Can draw ‘Ask my papa’ from the cruel Odille.

At length one of her suitors, a certain Count Herman,

A highly respectable man as a German,

Who smoked like a chimney, and drank like a merman,

Paid his court to her father, conceiving his firman

Would soon make her bend,

And induce her to lend

An ear to a love-tale in lieu of a sermon.

He gained the old Count, who said, ‘Come, Mynheer, fill! —

Here’s luck to yourself and my daughter Odille!’

The lady Odille was quite nervous with fear

When a little bird whisper’d that toast in her ear;

She murmur’d ‘Oh, dear!

My papa has got queer,

I am sadly afraid, with that nasty strong beer!

He’s so very austere, and severe, that it’s clear

If he gets in his ‘tantrums,’ I can’t remain here;

But St. Ermengarde’s convent is luckily near;

It were folly to stay,

Pour prendre congé,

I shall put on my bonnet, and e’en run away!’

— She unlock’d the back door, and descended the hill,

On whose crest stood the towers of the sire of Odille.

When he found she’d levanted, the Count of Alsace

At first turn’d remarkably red in the face;

He anathematized, with much unction and grace,

Every soul who came near, and consign’d the whole race

Of runaway girls to a very warm place.

With a frightful grimace

He gave orders for chase.

His vassals set off at a deuce of a pace,

And of all whom they met, high or low, Jack or Jill,

Ask’d, ‘Pray, have you seen anything of Odille?’ —

Now I think I’ve been told, — for I’m no sporting man, —

That the ‘knowing-ones’ call this by far the best plan,

‘Take the lead and then keep it!’ — that is if you can. —

Odille thought so too, so she set off and ran;

Put her best leg before,

Starting at score,

As I said some lines since, from that little back door,

And not being missed until half after four,

Had what hunters call ‘law’ for a good hour and more;

Doing her best,

Without stopping to rest,

Like ‘young Lochinvar who came out of the West,’
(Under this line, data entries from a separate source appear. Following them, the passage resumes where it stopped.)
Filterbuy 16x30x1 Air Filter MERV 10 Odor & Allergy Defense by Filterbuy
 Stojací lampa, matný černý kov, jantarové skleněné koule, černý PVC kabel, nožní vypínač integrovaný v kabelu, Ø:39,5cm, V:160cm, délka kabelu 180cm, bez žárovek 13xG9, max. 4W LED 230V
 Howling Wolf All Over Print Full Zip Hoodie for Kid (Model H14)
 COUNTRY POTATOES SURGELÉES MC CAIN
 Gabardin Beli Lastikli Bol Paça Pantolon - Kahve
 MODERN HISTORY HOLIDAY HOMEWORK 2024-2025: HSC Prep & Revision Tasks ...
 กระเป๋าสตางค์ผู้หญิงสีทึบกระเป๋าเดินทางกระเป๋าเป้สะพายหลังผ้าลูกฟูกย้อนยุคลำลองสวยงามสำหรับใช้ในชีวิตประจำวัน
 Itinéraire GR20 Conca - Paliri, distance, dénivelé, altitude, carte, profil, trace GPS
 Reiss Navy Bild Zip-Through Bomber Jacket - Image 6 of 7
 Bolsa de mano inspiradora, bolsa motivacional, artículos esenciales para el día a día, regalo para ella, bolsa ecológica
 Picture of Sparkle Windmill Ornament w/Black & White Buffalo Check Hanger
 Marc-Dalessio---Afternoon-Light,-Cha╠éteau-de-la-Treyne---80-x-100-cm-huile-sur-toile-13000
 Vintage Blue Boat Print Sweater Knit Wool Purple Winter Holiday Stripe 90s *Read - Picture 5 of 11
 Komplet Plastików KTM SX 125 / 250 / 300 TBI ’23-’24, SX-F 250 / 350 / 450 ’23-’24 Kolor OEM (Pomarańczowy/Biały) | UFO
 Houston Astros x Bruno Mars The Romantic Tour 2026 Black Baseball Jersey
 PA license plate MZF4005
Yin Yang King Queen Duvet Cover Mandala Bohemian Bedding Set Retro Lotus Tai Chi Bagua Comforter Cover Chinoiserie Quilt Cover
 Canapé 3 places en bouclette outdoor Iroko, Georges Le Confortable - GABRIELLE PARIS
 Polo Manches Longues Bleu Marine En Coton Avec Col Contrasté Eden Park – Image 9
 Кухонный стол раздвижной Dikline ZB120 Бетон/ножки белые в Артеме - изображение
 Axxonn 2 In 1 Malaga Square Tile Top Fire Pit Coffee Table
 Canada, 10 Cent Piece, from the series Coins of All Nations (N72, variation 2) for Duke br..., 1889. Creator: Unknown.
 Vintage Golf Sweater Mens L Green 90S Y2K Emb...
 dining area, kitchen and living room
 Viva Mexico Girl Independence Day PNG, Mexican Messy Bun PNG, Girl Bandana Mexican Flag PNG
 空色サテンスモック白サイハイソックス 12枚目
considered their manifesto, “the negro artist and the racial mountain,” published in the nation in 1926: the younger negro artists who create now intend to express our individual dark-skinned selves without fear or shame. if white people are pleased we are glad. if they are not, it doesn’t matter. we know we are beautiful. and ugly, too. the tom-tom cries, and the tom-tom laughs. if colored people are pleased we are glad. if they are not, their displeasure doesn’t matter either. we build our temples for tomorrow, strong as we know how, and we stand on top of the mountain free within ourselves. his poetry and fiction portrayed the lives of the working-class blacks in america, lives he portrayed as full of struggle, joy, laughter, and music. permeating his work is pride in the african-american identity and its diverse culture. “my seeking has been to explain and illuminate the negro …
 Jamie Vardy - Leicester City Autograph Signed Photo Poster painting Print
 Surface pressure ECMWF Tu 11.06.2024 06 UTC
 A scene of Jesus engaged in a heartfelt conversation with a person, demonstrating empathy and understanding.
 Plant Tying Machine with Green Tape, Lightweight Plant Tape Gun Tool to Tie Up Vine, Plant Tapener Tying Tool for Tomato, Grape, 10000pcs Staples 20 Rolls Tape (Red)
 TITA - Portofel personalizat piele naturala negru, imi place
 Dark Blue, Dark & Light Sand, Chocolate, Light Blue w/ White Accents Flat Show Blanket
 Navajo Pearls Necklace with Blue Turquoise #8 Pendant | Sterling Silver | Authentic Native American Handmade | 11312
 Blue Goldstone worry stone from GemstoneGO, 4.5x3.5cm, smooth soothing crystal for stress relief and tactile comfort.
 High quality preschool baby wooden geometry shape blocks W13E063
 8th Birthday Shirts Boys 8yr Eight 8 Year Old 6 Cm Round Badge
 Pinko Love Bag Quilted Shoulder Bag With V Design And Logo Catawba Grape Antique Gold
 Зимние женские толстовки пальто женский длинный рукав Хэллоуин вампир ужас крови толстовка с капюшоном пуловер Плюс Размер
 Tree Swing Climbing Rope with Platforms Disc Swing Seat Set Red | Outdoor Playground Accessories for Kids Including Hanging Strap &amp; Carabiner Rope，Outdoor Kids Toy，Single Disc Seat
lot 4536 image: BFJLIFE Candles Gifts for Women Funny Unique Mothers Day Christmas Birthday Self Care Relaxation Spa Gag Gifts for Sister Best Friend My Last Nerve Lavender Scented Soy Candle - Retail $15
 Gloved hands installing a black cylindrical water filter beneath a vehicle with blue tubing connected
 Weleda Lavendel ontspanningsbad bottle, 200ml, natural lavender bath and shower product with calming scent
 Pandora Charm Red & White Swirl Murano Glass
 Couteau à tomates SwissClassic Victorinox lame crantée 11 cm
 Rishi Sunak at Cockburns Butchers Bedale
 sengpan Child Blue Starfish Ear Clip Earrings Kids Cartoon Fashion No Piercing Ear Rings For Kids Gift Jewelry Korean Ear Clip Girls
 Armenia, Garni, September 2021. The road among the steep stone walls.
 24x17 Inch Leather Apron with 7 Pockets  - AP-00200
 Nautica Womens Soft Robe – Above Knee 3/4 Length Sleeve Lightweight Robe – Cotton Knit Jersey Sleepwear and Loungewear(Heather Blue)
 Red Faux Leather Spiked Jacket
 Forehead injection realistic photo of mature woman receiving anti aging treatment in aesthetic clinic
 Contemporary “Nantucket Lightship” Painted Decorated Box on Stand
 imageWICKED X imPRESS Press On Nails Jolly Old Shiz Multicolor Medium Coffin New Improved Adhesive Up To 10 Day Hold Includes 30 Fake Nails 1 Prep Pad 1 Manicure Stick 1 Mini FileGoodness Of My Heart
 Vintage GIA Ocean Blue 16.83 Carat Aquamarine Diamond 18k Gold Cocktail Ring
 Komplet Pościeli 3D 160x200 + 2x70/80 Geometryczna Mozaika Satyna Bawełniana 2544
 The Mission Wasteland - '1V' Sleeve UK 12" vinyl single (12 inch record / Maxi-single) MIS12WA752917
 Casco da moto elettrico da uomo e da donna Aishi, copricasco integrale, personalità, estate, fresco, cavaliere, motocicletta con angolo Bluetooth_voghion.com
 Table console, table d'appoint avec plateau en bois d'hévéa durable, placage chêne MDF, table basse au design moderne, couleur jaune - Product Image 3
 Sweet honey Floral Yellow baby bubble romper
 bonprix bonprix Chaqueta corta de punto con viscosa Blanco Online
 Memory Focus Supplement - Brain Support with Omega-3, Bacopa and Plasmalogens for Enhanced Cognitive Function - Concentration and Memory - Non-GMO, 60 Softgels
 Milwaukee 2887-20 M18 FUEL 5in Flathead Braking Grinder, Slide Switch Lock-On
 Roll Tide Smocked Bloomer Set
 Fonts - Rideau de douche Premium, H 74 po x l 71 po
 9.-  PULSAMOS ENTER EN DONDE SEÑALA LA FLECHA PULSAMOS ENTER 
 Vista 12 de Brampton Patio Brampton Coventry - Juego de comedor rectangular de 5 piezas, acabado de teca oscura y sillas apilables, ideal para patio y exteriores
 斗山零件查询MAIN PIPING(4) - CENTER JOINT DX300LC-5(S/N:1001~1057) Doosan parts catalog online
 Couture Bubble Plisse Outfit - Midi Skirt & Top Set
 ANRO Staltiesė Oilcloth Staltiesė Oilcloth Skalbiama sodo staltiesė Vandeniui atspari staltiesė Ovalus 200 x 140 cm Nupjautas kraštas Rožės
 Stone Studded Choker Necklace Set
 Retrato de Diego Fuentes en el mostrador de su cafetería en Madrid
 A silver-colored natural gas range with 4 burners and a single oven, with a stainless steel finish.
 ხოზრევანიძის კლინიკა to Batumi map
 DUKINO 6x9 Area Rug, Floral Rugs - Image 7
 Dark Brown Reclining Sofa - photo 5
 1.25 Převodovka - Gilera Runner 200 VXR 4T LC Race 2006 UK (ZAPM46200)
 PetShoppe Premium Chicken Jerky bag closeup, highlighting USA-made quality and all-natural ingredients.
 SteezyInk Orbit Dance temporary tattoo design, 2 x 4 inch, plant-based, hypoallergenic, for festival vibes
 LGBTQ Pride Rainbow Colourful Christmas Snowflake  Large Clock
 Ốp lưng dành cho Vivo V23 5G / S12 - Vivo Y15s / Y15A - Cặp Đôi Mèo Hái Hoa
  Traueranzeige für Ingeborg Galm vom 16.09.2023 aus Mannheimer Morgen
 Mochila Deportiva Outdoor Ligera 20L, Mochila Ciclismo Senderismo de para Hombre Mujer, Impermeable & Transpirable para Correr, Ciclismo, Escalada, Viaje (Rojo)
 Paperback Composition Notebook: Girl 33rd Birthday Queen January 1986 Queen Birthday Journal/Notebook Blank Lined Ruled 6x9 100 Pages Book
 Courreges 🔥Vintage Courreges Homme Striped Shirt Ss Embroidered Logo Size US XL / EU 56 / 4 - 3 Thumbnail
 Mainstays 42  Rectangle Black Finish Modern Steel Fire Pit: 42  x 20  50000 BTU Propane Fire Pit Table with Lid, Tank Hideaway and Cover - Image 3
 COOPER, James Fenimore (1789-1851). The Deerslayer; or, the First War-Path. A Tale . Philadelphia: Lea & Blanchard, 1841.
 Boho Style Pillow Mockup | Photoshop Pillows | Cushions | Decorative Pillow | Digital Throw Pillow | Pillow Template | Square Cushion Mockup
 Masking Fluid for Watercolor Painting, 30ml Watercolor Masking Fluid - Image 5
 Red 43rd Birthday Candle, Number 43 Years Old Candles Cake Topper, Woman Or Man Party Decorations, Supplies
”Tis done! I am gone! — over briar, brook, and rill!

They’ll be sharp lads who catch me!’ said young Miss Odille.

But you’ve all read in Æsop, or Phædrus, or Gay,

How a tortoise and hare ran together one day,

How the hare, ‘making play,

Progress’d right slick away,’

As ‘them tarnation chaps’ the Americans say;

While the tortoise, whose figure is rather outré

For racing, crawled straight on, without let or stay,

Having no post-horse duty or turnpikes to pay,

Till ere noon’s ruddy ray

Changed to eve’s sober grey,

Though her form and obesity caused some delay,

Perseverance and patience brought up her lee-way,

And she chased her fleet-footed ‘praycursor,’ until

She o’ertook her at last; — so it fared with Odille.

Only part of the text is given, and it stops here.